If $H$ is an open subgroup of $G$, then $H \supseteq G^0$
Image of $\exp$ is a subset of $G^0$.
Considering $T_eG$ as a manifold (diffeomorphic and isomorphic, possibly Lie group isomorphic, to $\mathbb R^n$), $i_{\{*,e\}}(T_eU)$ is an open subset of $T_eG$ that is diffeomorphic to (and I guess isomorphic and even Lie group isomorphic to) $\mathbb R^n$, even if $U$ is not homeomorphic to $\mathbb R^n$.
For every $V$ open in $T_eG$ (such as $V = i_{\{*,e\}}(T_eU)$, I think), $\langle \exp(V) \rangle = G^0$
Note: Please try not to use anything like $\exp$ is a local diffeomorphism at $Z_e$ because that's what I'm trying to prove (here: Differential of exponential map at identity)
Thanks in advance!
First of all, there is absolutely no reason to talk about $T_eU$. Since $i_{*,e}$ is surjective, $\exp(i_{\{*,e\}}(T_eU))$ is just the same as $\exp(T_eG)$. So your question is, must the image of the exponential map be contained in an arbitrary open neighborhood of $e$?
The answer is then obviously no, since the intersection of all open neighborhoods of $e$ is just $\{e\}$ itself, and the image of the exponential map is more than just $\{e\}$ (assuming $n>0$).
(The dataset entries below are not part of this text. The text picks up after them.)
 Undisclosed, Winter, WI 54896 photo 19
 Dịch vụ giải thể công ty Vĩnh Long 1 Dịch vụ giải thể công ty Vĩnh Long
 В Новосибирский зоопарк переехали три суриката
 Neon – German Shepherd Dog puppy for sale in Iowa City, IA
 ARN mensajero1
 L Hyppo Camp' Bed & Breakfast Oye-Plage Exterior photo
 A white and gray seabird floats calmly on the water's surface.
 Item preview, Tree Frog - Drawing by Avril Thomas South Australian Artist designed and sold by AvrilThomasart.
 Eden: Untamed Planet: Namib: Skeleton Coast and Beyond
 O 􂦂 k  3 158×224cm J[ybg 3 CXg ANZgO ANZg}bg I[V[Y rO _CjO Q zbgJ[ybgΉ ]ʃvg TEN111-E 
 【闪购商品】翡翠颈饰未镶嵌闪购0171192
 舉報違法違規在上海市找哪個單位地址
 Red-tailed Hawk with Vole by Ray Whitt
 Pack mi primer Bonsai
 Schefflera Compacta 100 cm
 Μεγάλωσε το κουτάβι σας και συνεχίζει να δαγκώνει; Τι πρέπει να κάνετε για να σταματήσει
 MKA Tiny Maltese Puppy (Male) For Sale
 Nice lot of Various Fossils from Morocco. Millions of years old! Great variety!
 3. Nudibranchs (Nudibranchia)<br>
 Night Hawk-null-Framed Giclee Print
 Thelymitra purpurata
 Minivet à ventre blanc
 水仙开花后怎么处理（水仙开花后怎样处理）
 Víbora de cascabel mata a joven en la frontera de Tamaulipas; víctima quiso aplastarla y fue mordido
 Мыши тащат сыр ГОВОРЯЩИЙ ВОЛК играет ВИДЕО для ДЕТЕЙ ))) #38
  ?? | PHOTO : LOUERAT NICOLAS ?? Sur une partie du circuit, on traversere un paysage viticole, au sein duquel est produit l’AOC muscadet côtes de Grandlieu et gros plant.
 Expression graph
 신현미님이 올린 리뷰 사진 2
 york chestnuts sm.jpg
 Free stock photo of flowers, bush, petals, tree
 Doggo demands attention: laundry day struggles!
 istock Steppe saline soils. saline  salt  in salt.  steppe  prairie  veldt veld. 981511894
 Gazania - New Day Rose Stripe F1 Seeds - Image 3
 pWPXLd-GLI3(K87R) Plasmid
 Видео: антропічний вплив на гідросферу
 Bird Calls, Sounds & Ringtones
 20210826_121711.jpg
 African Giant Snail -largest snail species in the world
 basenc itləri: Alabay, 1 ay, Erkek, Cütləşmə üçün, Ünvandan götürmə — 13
The same holds if you restrict to $U$ that are homeomorphic to $\mathbb{R}^n$, since $e$ has arbitrarily small neighborhoods that are homeomorphic to $\mathbb{R}^n$.
For a very simple explicit example, if $G=\mathbb{R}$, then the exponential map is surjective, so any open interval around $0$ is an open neighborhood homeomorphic to $\mathbb{R}$ that does not contain the image of the exponential map.